Oil exportsRussia has rerouted its oil exports away from Europe towards Asia.

Suriyapong Thongsawang/Getty Images

  • India’s imports of crude oil from OPEC dropped to an all-time low of 46% in April, down from 72% a year ago.
  • Russia accounts for 36% of India’s oil imports, versus less than 1% before Moscow launched its war on Ukraine.
  • Imports from Russia have surpassed the combined purchases from Iraq and Saudi Arabia.

The Organization of the Petroleum Exporting Countries has seen its market share in India shrink to a record low amid a flood of cheap Russian oil imports.

The cartel’s share dropped to 46% in April, down from 72% a year earlier, according to Vortexa data cited by the Economic Times

Russia is partners with the oil cartel under the OPEC+ coalition, but India has been taking advantage of cheap barrels since Vladimir Putin ordered the invasion of Ukraine.

Russia now accounts for 36% of the country’s imported supplies, or about 1.67 million barrels per day. Before the war started, that stood at less than 1%.

Meanwhile, OPEC supplied 2.1 million barrels per day to India last month out of the total 4.6 million barrels per day the country took in, per Vortexa.

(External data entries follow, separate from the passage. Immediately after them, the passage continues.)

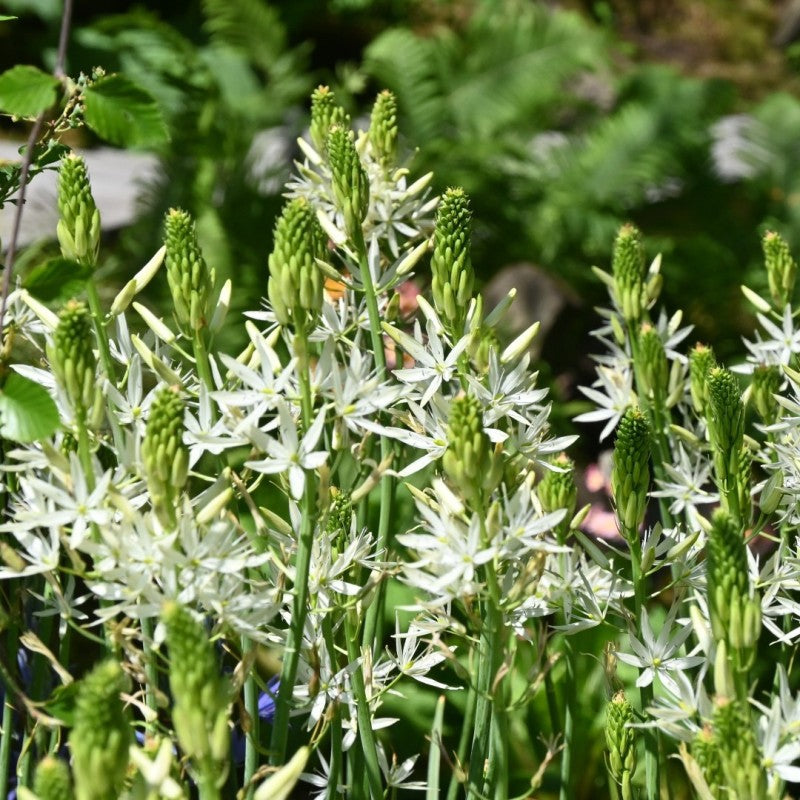 White Camassia-Alba-Perfect for naturalistic gardens 50 in Box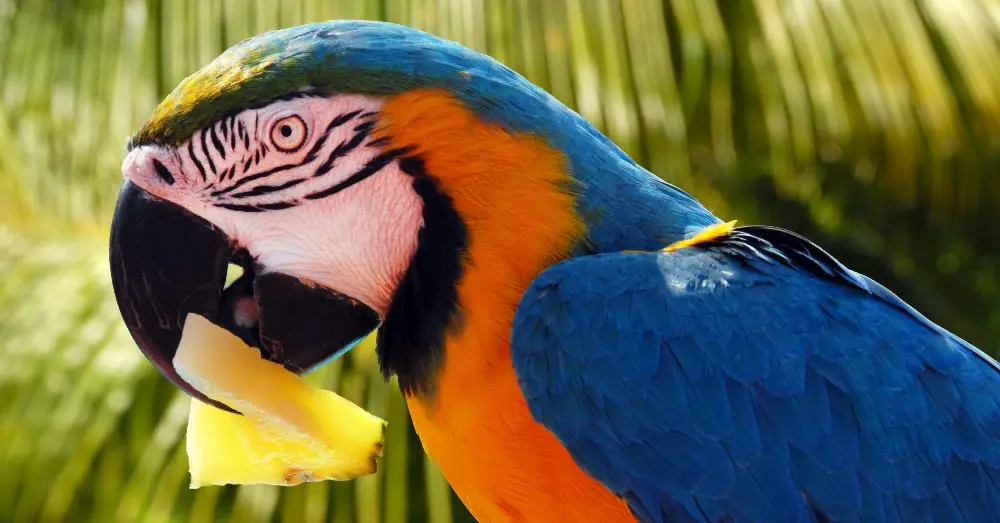 cuanto hay q esperar entre comidas loro - Cuántas veces se le da de comer a un perico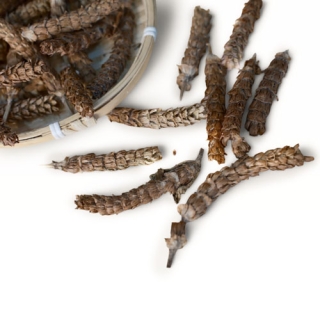 Hạ khô thảo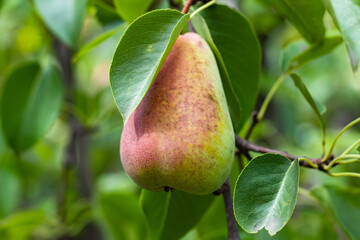 Fresh juicy pears on pear tree branch. Organic pears in natural environment. Crop of pears in summer garden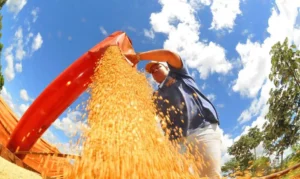 Agropecuária ajudou oito estados a crescerem mais que o Brasil em 2023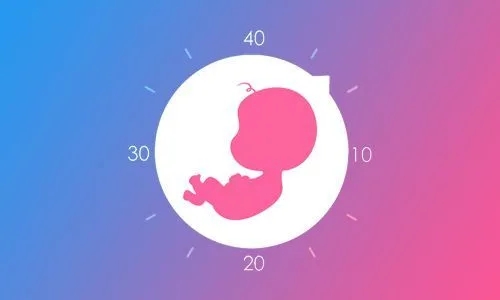 《妈妈网孕育》操作界面示意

Total Russian imports have now surpassed the combined purchases from Iraq and Saudi Arabia, which have been India’s biggest suppliers over the last decade.

The data show, too, that while India’s month-on-month purchases set a new record high again in April, the rate of increase slowed, which could suggest it’s peaking soon.

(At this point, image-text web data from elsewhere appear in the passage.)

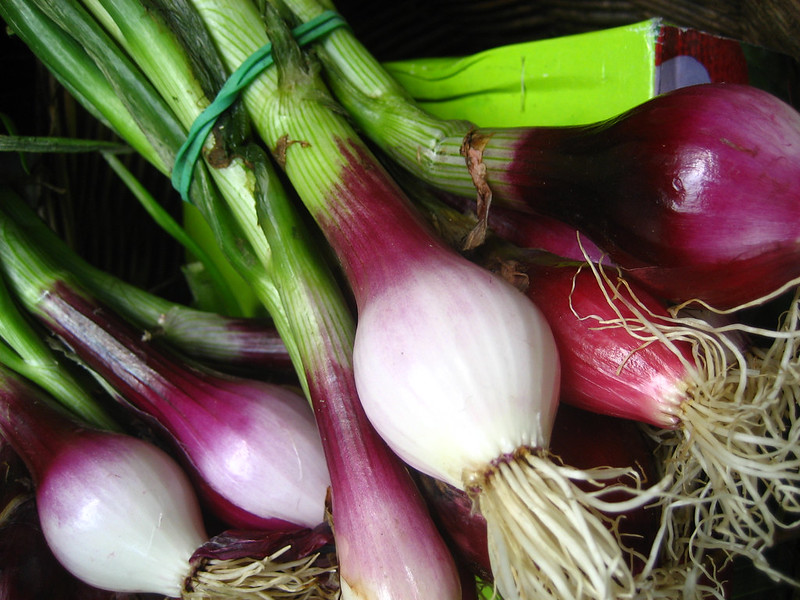 Picture of spring onions
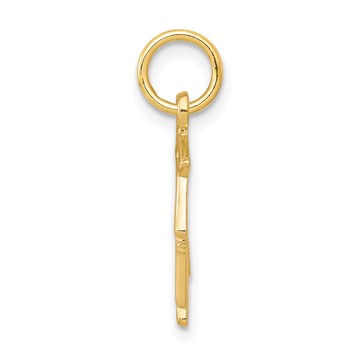 10k Graduation Owl Charm — alternate view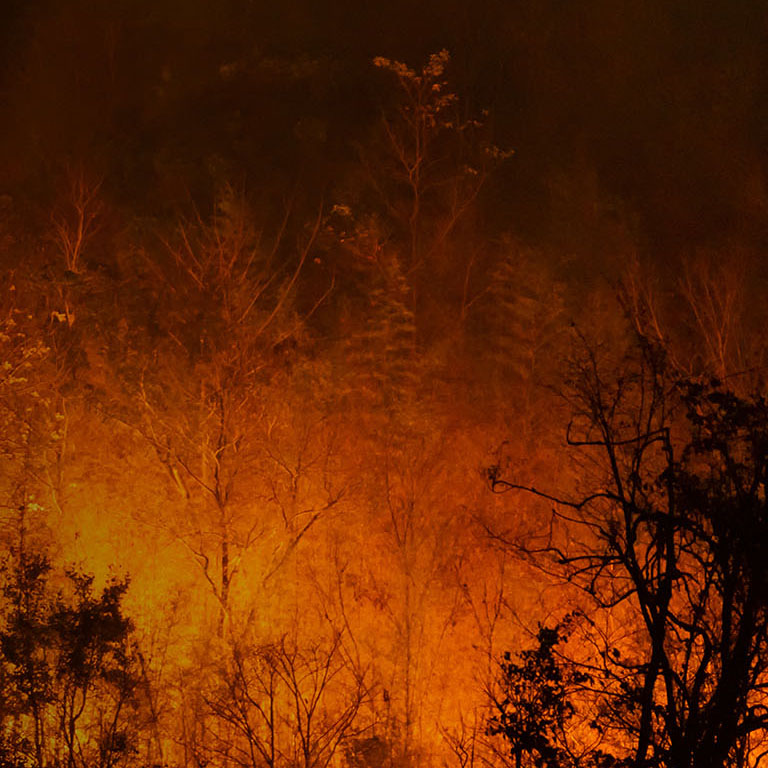 Forest fire, Wildfire burning tree in red and orange color at night in the forest on mountain, North Thailand, Soft focus.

Western sanctions on Russian energy — such as bans on coal in August 2022, crude oil in December 2022, and refined oil products in February 2023 — have forced the Kremlin over the last year to seek out alternative markets for their energy supplies in Asia. 

European Central Bank calculations show that trade volume between the euro area and Russia halved since February last year.

Yet in April, Russia’s oil exports returned to pre-war levels, as China and India now account for about 90% of its shipments, Kpler data shows.

Still, Russia is making less money from its energy exports compared to before its invasion, as sanctions weigh on prices. The International Monetary Fund said in April that Moscow’s revenues remain roughly 43% lower than the same time last year.